Kurt Lewin classified management styles and cultures into three categories - autocratic, democratic and laissez-faire. He conducted an experiment on a group of children who were guided by leaders, following the three leadership styles.
He concluded, at the end of the experiment, that the democratic leadership style is the most effective one as all the group members participated in the final decision-making process.
A participative leadership style is a very essential aspect of today's business sector. This style creates and maintains healthy relationships between the employees and the leader.
This is probably the best type of corporate leadership style, that necessarily allows employees to give suggestions and take some of the crucial decisions, along with their manager. However, the final decision rests on the manager.
As the name indicates, a participative leader enables the employees to play a major part in any decision-making process, which makes employee performance better.
Therefore, instead of the leader just throwing direct, stringent orders to the employees, he acts like a guide and a mentor to the employees, helping them in achieving their goals. So, it is like 'let us do...' rather than 'I want you to do... '.
The Other Styles
In a group led by an autocratic leader, the team members have no say in any of the decisions that are taken by the management. The views of the members are not even considered most of the time. The members might feel bossed as they are continuously told what is to be done. The productivity of the members might suffer.
Delegative (laissez-faire) leadership style is the one in which the decisions are taken by the employees while the leader is held responsible for the decisions that are taken. The employees themselves assess the situation and plan the line of action.

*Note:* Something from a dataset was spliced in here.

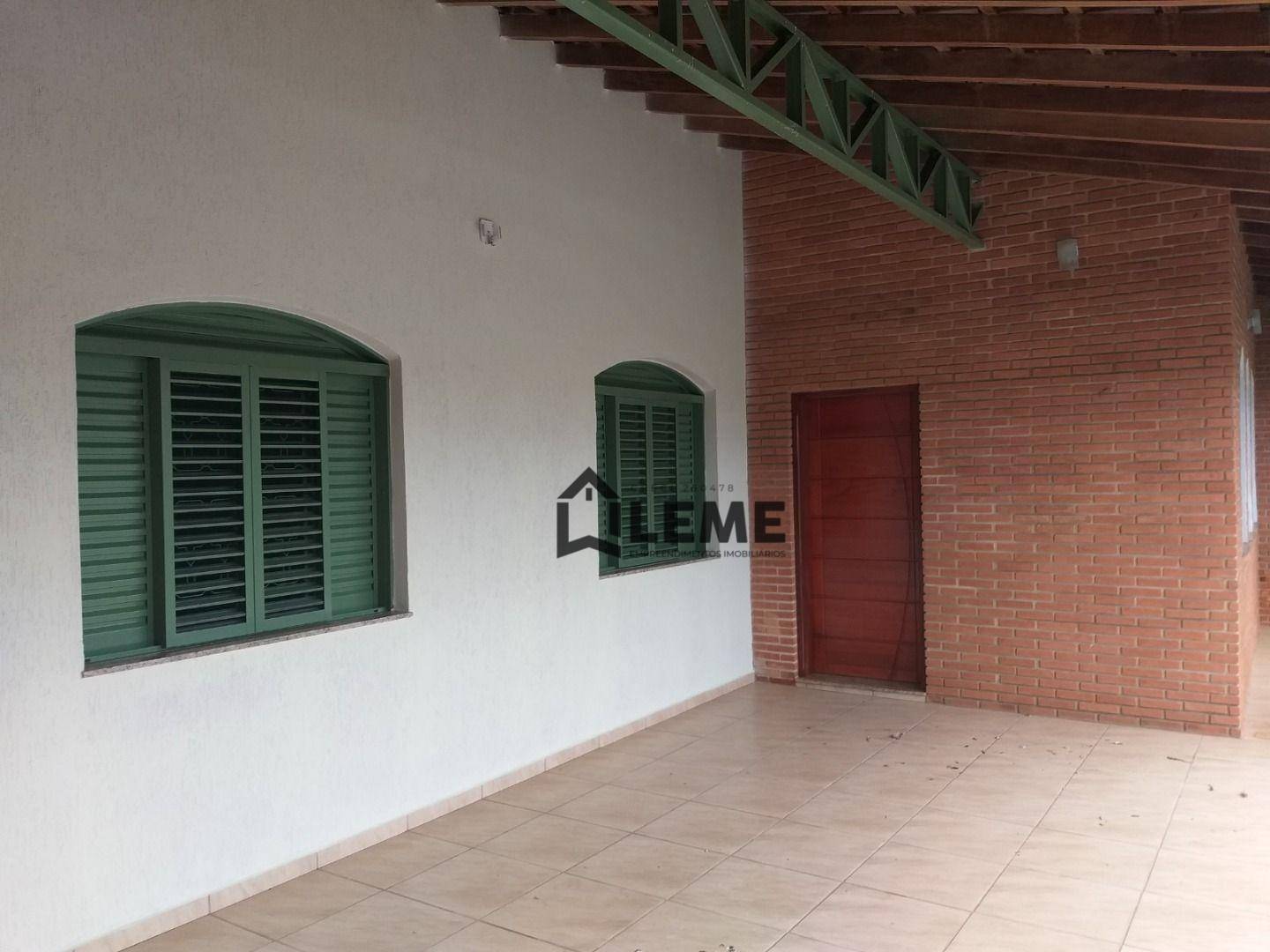 Casa à venda com 3 quartos, 161m² - Foto 24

However, with too much freedom given, deviation from work might take place.
The participative leadership style is considered to be the most balanced one. It increases manpower productivity, while giving the freedom of expression at the same time.
- The team members are encouraged to share their thoughts and participate in making critical decisions.
- This increase in participation of the employees, makes them feel more driven to work, thus increasing the company's output.
- The main advantage is that this technique promotes the development of potential leaders, amongst the team members.
- There are many minds involved in the decision-making process, and hence the decision is certainly well-thought upon from all angles, ruling out the possibilities of taking a wrong decision.
- The creativity aspect of the employees' personalities is also tapped, thus increasing the quality of ideas that are put forth by them.
- It gives the employees more than one reason to stay back in the firm, thus increasing the retention rate.
- The theory of collective decision-making might slow down the process of achieving targets. It requires time for the brainstorming sessions to take place. Also, the participants of the sessions also need time to deliberate and come to an unanimous decision.
- Secrecy of the information that is shared and the decision that is taken cannot be guaranteed. If the project is of utmost importance to the company and the related information needs to be safeguarded, this style of leadership might not work in the favor of the company.
- This leadership style might not work for companies that have huge manpower. To involve so many people in the decision-making process, is not practical.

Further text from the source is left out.